Z okazji przypadającego 12 kwietnia Dnia Czekolady przypominamy tekst z lutego 2018 roku.
Każda okazja jest dobra, żeby pozwolić sobie na kawałek czekolady. Jej miłośnicy nazywają ją wręcz słodkim narkotykiem. Wiemy, że poprawia nastrój, dodaje energii i zmniejsza zmęczenie. Ale czy naprawdę ma walory zdrowotne?
Jeśli jesteś fanem czekolady, to każda okazja jest odpowiednia, żeby ją zjeść. Już starożytni Majowie i Aztekowie uważali gorącą czekoladę za boski napój i używali jej jako lekarstwa. Składali nawet ofiary z czekolady swoim bogom. Trudno się więc dziwić, że nazwa „kakao” tłumaczy się jako „pokarm bogów”.

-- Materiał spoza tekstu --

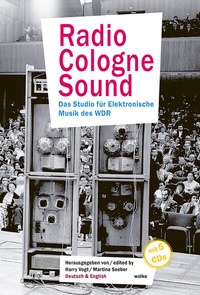 Enlarge image Cover: Radio Cologne Sound - Wolke Verlag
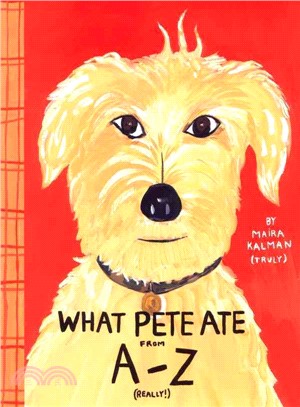 What Pete Ate from A-Z ─ Where We Explore the English Alphabet (In Its Entirety) in Which a Certain Dog Devours a Myraid of Items Which He Should Not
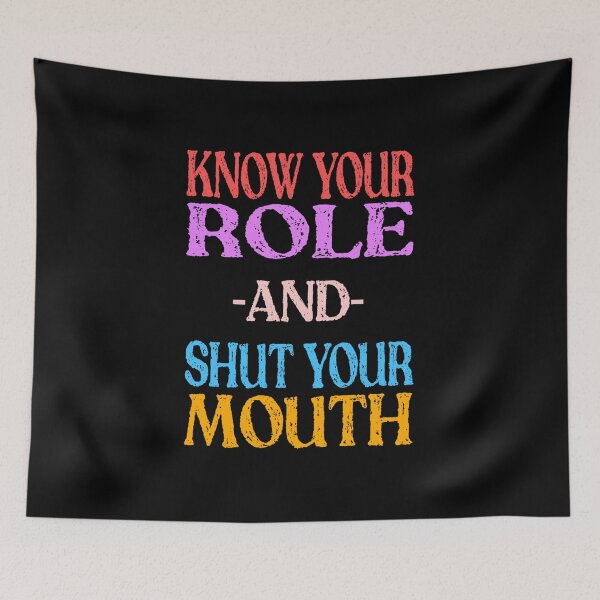 Item preview, Know Your Role And Shut Your Mouth designed and sold by Mohamed Orav.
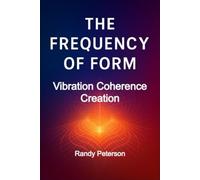 The Frequency of Form: How Energy Shapes Reality and Human Potential
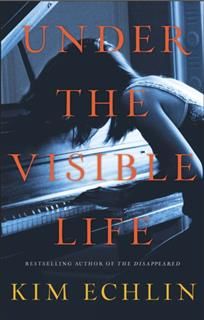 Under the Visible Life, Kim Echlin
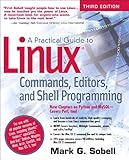 A Practical Guide to Linux Commands, Editors, and Shell Programming.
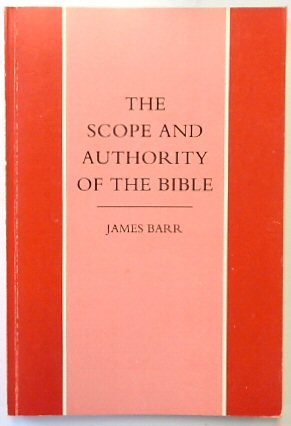 The Scope and Authority of the Bible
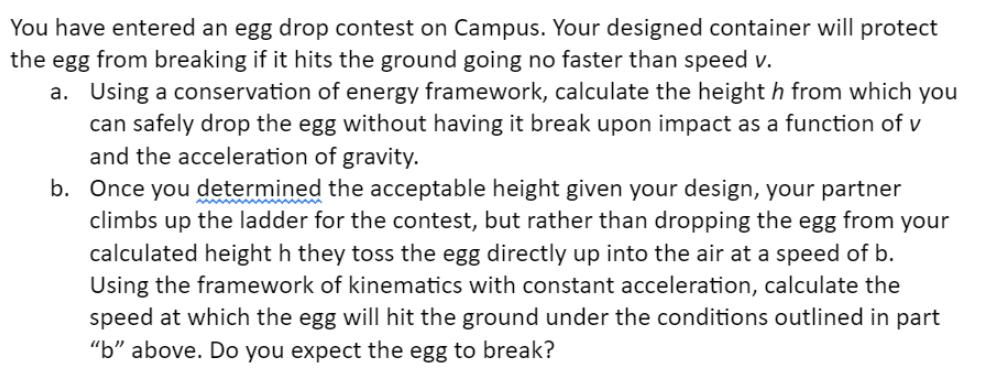 You have entered an egg drop contest on Campus. Your designed container will protect the egg from breaking if
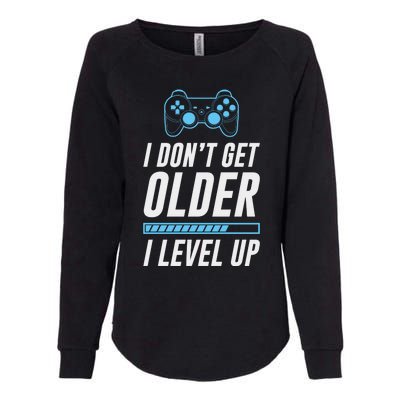 I Dont Get Older I Level Up Gamer Gift Womens California Wash Sweatshirt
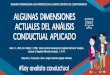 ALGUNAS DIMENSIONES ACTUALES DEL ANÁLISIS …soyanalistaconductual.org/dimensiones_actuales_analisis_conductual... · ALGUNAS DIMENSIONES ACTUALES DEL ANÁLISIS CONDUCTUAL APLICADO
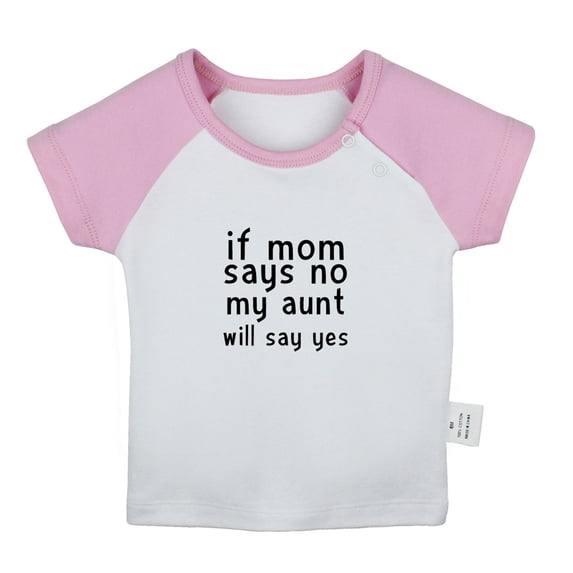 If Mom Says No My Aunt Will Say Yes Funny T shirt For Baby, Newborn Babies T-shirts, Infant Tops, 0-24M Kids Graphic Tees Clothing (Short Pink Raglan T-shirt, 6-12 Months)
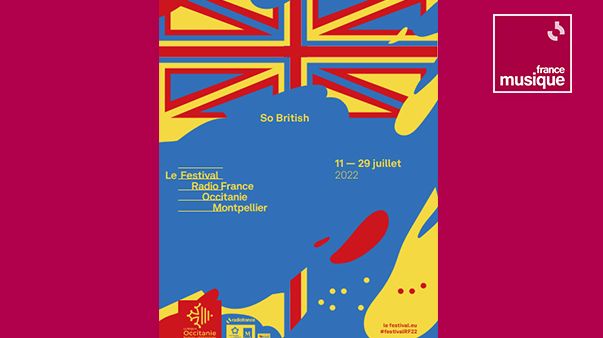 Festival Radio France Occitanie Montpellier - du 11 au 29 juillet 2022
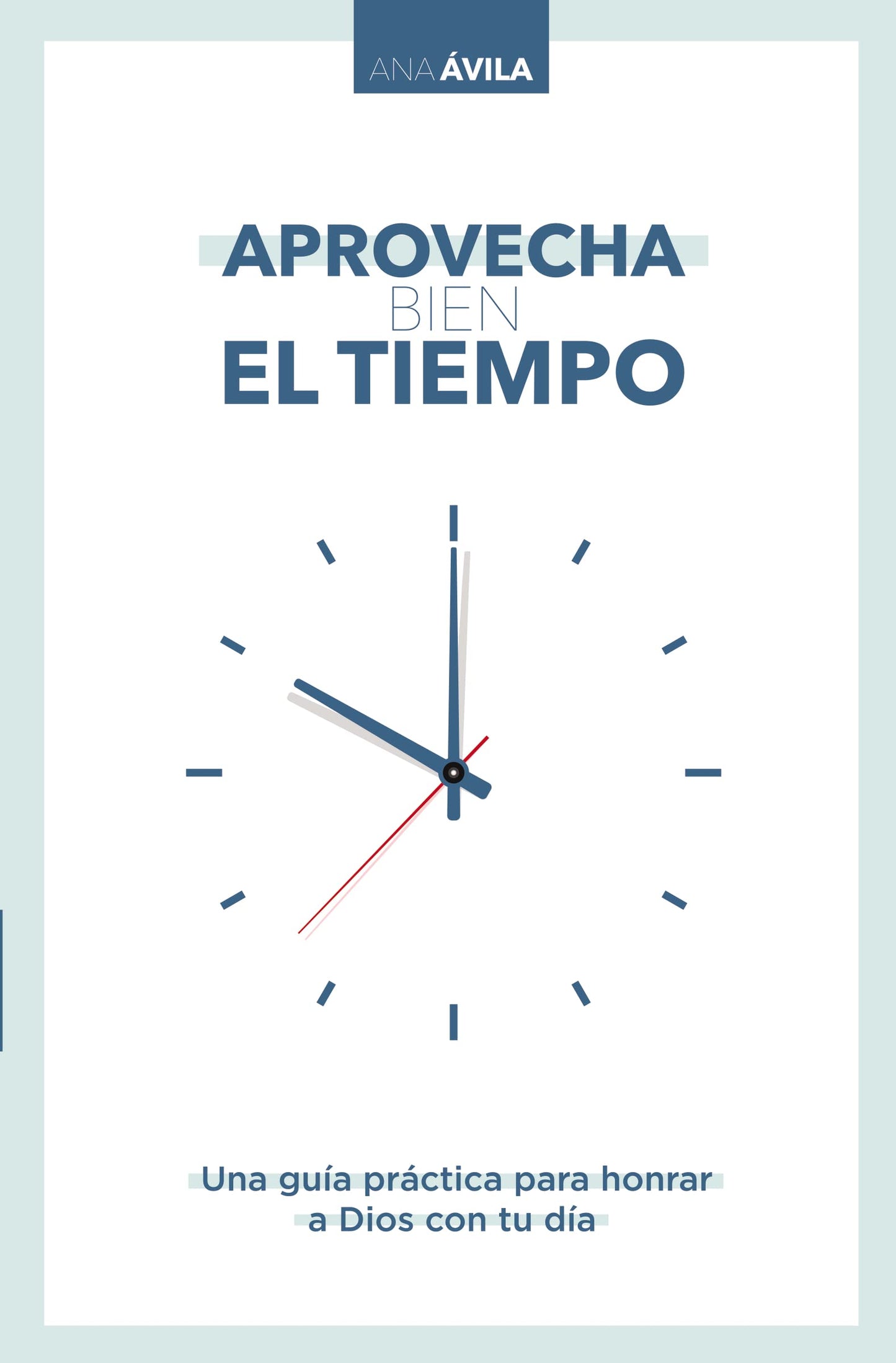 Libro: Aprovecha bien el tiempo: Una guía práctica para honrar a Dios con tu día (Spanish Edition)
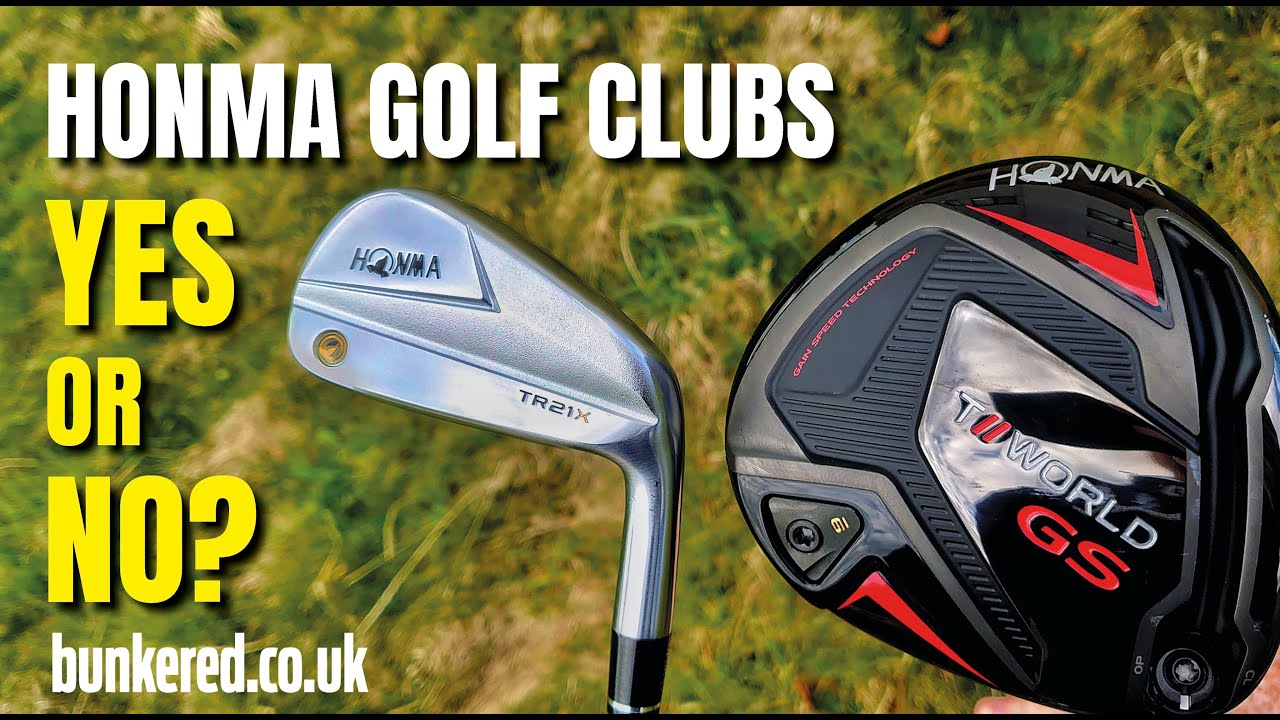 SHOULD YOU BE USING HONMA GOLF CLUBS? &ndash; TR21 X & T//WORLD GS review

Na szczęście dzisiaj czekolada nie jest już przeznaczona tylko dla bóstw. Przysmak stał się popularny na całym świecie. Każdego roku ludzie wydają wydają na jego zakup 90 mld dol. A kwota ta ciągle rośnie.
Grzyb niszczy owoce
Rosnący popyt na czekoladę oznacza znaczne zwiększenie produkcji rolniczej wytwarzającej kakao. Niestety nie jest to takie proste, ponieważ uprawa drzew kakaowca (Theobroma cacao) jest bardzo wymagająca. Mogą one rosnąć jedynie w klimacie równikowym, czyli w strefie gorącego klimatu o małych amplitudach dobowych i rocznych temperatur. Owocują dopiero po trzech latach od zasadzenia, ale prawdziwe zbiory zaczynają się dopiero, kiedy maja one przynajmniej osiem lat. Kakaowiec owocuje jedynie przez kilka lat i jest bardzo podatny na różne choroby.